Task details => Here are the records. Write out exactly the lines between the one holding "Mobile TV GEOMETRIC" and the one holding "Beautiful babysitter assists", inclusive.

Source data =>
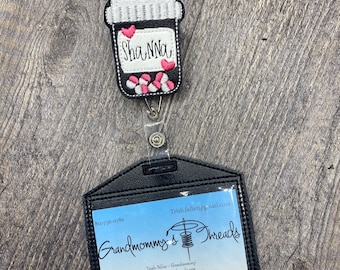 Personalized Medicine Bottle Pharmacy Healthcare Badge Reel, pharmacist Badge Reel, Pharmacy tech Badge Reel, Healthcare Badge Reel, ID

* * *

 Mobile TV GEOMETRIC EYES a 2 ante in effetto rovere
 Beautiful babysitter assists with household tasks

* * *

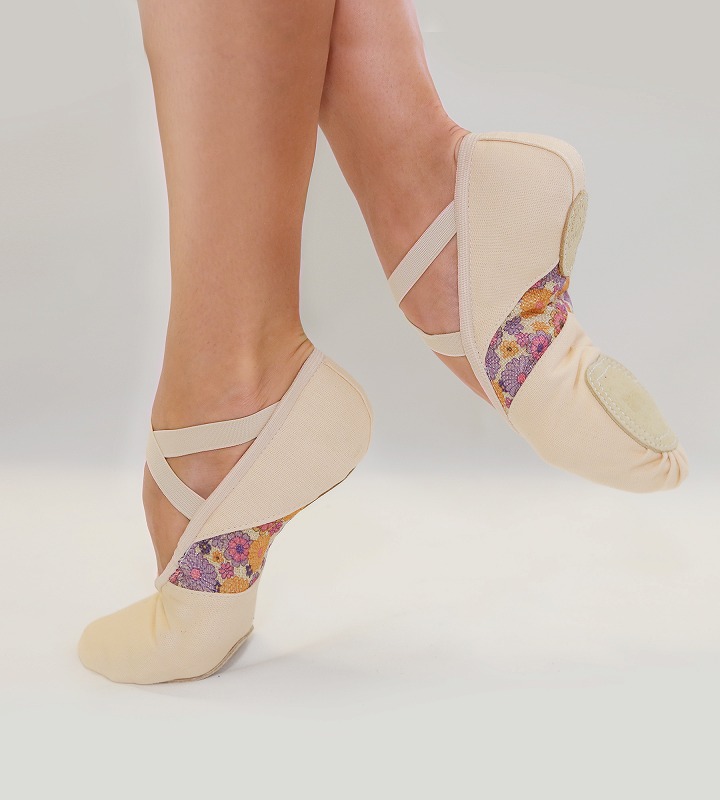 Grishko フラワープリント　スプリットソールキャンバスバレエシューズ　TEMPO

Reply to the task =>
 Mobile TV GEOMETRIC EYES a 2 ante in effetto rovere
 Beautiful babysitter assists with household tasks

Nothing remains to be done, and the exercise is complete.